Could Buffered Index Funds Help Struggling Public Pensions?
Photo 15940813 © Dan Heighton - Dreamstime.com

Commentary

Could Buffered Index Funds Help Struggling Public Pensions?

Matt Levine, author of Bloomberg’s Money Stuff blog, recently commented on an interesting financial instrument offered by Vest Financial. The CBOE (Chicago Board Options Exchange) S&P 500 Buffer Protect Strategy Fund is an index fund with a twist that could be advantageous for pension funds looking to seek the benefits of equities, which traditionally have higher rates of return, while mitigating risk.

Called a “buffered note” in bond form, it is essentially an index fund with bounded gains and a cushion to reduce losses. Investors keep all returns up to 11%, or greater depending on the particulars of the fund. For example, if the index makes a 20% return, investors keep 11%. If it makes a 5% return, the investor keeps the full 5%.

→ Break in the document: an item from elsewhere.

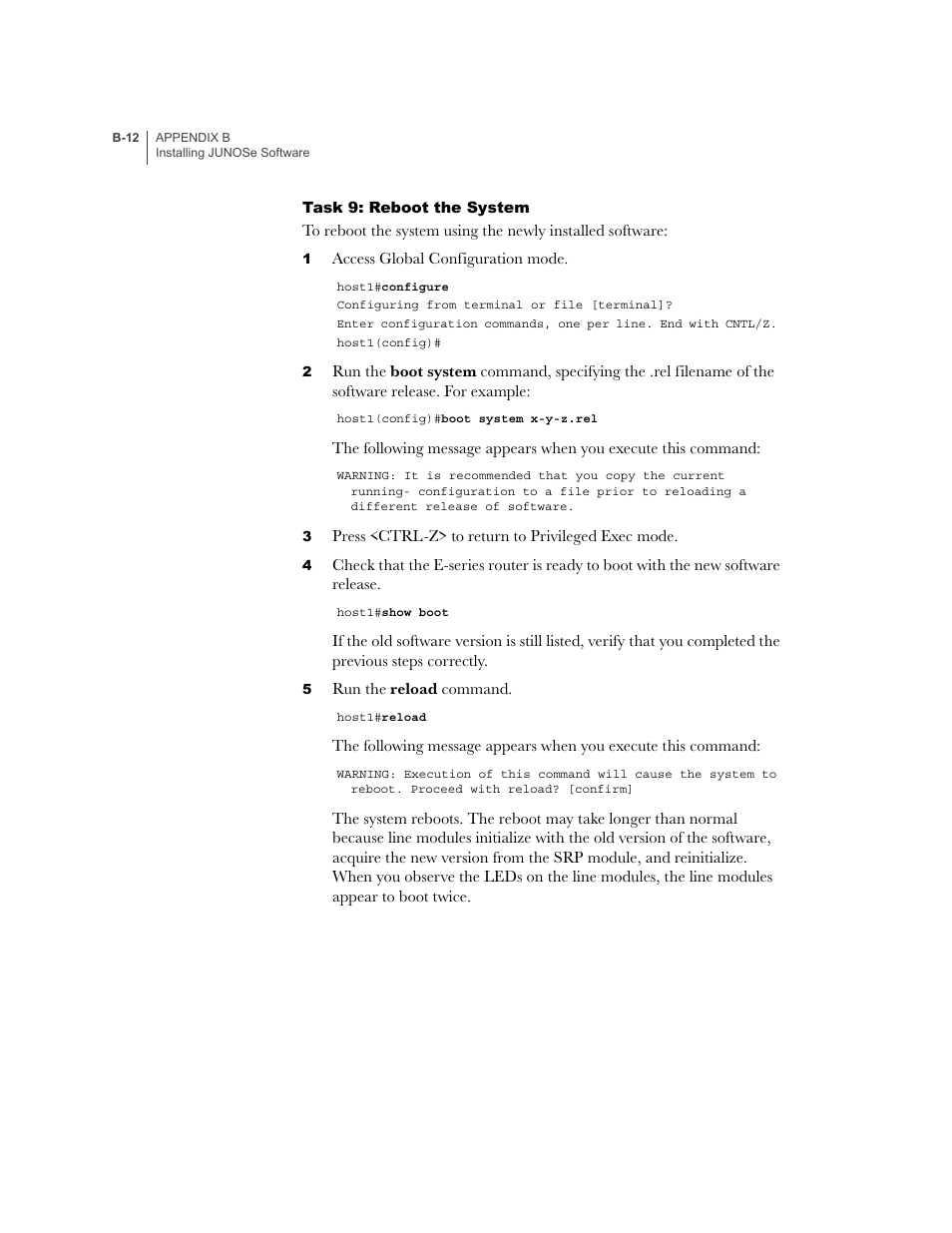 Task 9: reboot the system | Juniper Networks E-Series User Manual | Page 224 / 242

In exchange for this cap on gains, investors are protected from the first 10% of losses. If the fund experiences losses of 7%, the investor makes a 0% return, but if it experiences 12% losses, the investor experiences a loss of only 2%.

Could this be a useful tool for pension funds struggling to increase returns while minimizing risk? Using historical data from NYU, I determined what the returns for such an instrument would be for various time intervals over the past 15 years. I assumed an index based on the S&P 500, with a loss buffer of 10% and a cap on gains of 11%.

Here are the results:

Arithmetic Average Geometric Average Standard Deviation
Date Range S&P 500 Buffer Strategy S&P 500 Buffer Strategy S&P 500 Buffer Strategy
2000-2015 5.71% 3.82% 4.29% 3.48% 17.86% 10.12%
2006-2015 9.03% 4.84% 8.08% 4.61% 17.78% 11.10%
2008-2015 8.65% 3.99% 7.42% 3.60% 19.70% 12.19%

The returns are rather modest, underperforming a simple S&P 500 index fund in every time period examined, often by a wide margin. However, the standard deviation—an indicator of risk that shows the range that the rate of return is expected to fall within given a particular degree of certainty—for the buffer strategy was significantly lower than that of an S&P 500 index.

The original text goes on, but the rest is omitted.